[COLLECTED MATERIAL]
== Segment start ==

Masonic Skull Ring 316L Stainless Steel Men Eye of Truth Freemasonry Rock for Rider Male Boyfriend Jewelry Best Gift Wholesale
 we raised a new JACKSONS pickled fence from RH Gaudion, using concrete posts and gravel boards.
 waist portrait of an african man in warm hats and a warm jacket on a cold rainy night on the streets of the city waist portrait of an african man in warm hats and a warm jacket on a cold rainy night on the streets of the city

== Segment end ==

[WHAT THE TASK REQUIRES] Please give each line above again, word for word.

[SOLVED PROBLEM]
Masonic Skull Ring 316L Stainless Steel Men Eye of Truth Freemasonry Rock for Rider Male Boyfriend Jewelry Best Gift Wholesale
 we raised a new JACKSONS pickled fence from RH Gaudion, using concrete posts and gravel boards.
 waist portrait of an african man in warm hats and a warm jacket on a cold rainy night on the streets of the city waist portrait of an african man in warm hats and a warm jacket on a cold rainy night on the streets of the city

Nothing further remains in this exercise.